The following abstract, which appears in the current issue of
Communications of the ACM (V32,#1,P140), shows that it is possible
for automatic translators to have their GOTOs and eat them too,
even while retaining the same general control structures.
ELIMINATING GO TO'S WHILE PRESERVING PROGRAM STRUCTURE
Lyle Ramshaw
Suppose we want to eliminate the local GO TO statements of a Pascal
program by replacing them with multilevel loop exit statements. The
standard ground rules for eliminating GO TO's require that we preserve
the flow graph of the program, but they allow us to completely rewrite
the control structures that glue together the program's atomic tests
and actions. The GO TO's can be eliminated from a program under those
ground rules if and only if the flow graph of that program has the
graph-theoretic property named reducibility.
This paper considers a stricter set of ground rules, introduced by
Peterson, Kasami, and Tokura, which demand that we preserve the
program's original control structures, as well as its flow graph,
while we eliminate its GO TO's. In particular, we are allowed to
delete the GO TO statements and the labels that they jump to and to
insert various exit statements and labeled repeat-endloop pairs for
them to jump out of. But we are forbidden to change the rest of the pr
program text in any way. The critical issue that determines whether
GO TO's can be eliminated under these stricter rules turns out to be
the static order of the atomic tests and actions in the program text.

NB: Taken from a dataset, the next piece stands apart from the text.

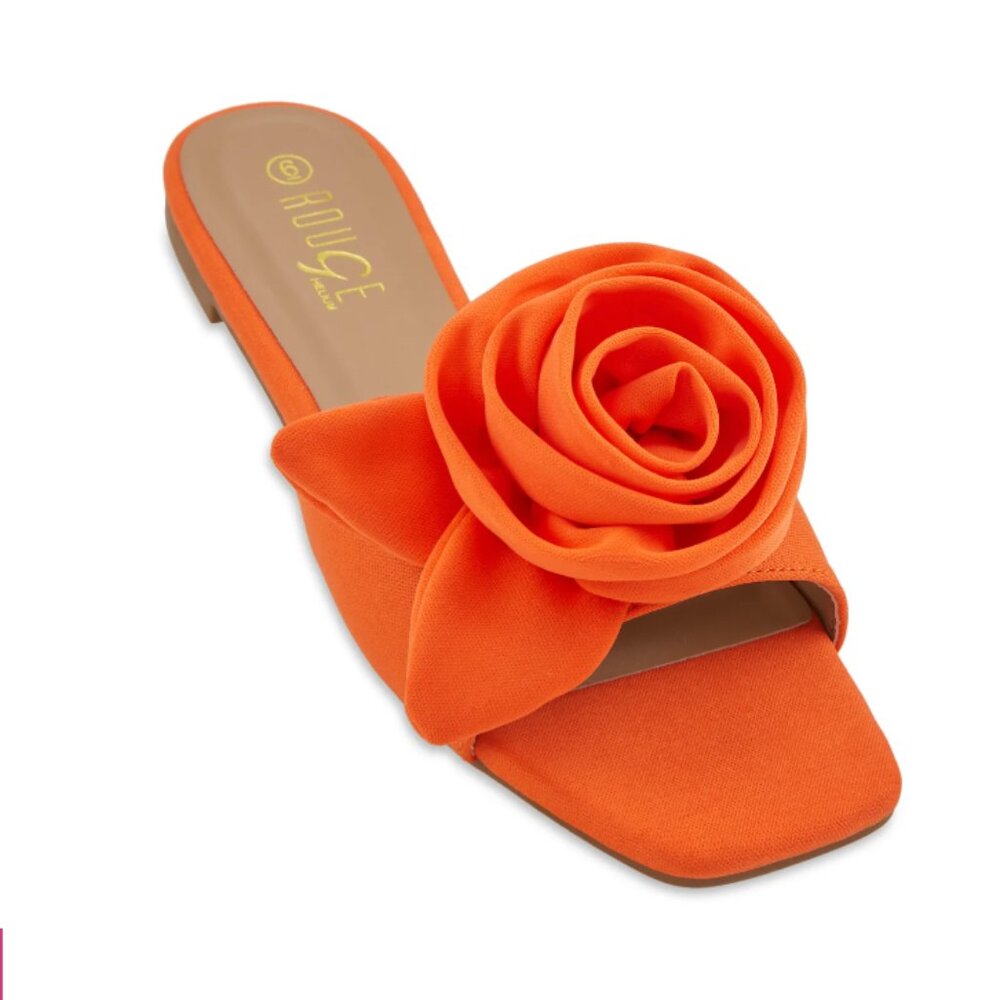 Rose Band Square Toe Slide Sandals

This static order can be encoded in the program's flow graph by
augmenting it with extra edges. It can then be shown that the
reducibility of a program's augmented flow graph, augmenting edges
and all, is a necessary and sufficient condition for the eliminability
of GO TO's from that program under the stricter rules.
For Correspondence: Digital Equipment Corporation Systems Research
Center, 130 Lytton Ave., Palo Alto, CA 94301.

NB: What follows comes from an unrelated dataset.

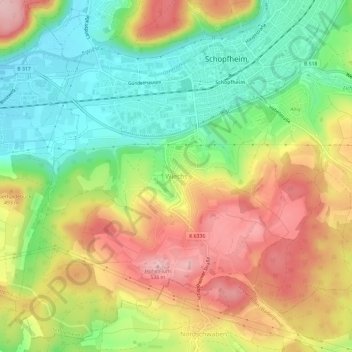 Mappa topografica Wiechs, altitudine, rilievo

Thus, automatic translators can ensure that the gotos they generate
do not violate the reducibility property with respect to the flow graph,
and then remove the gotos in the final phase of translation. If it is
desirable to leave the control structures of the final code intact,
this paper shows that it is even possible to do that. Therefore, it
seems that automatic translators could survive quite nicely even if
the GOTOs are eliminated in the 9X version of Ada.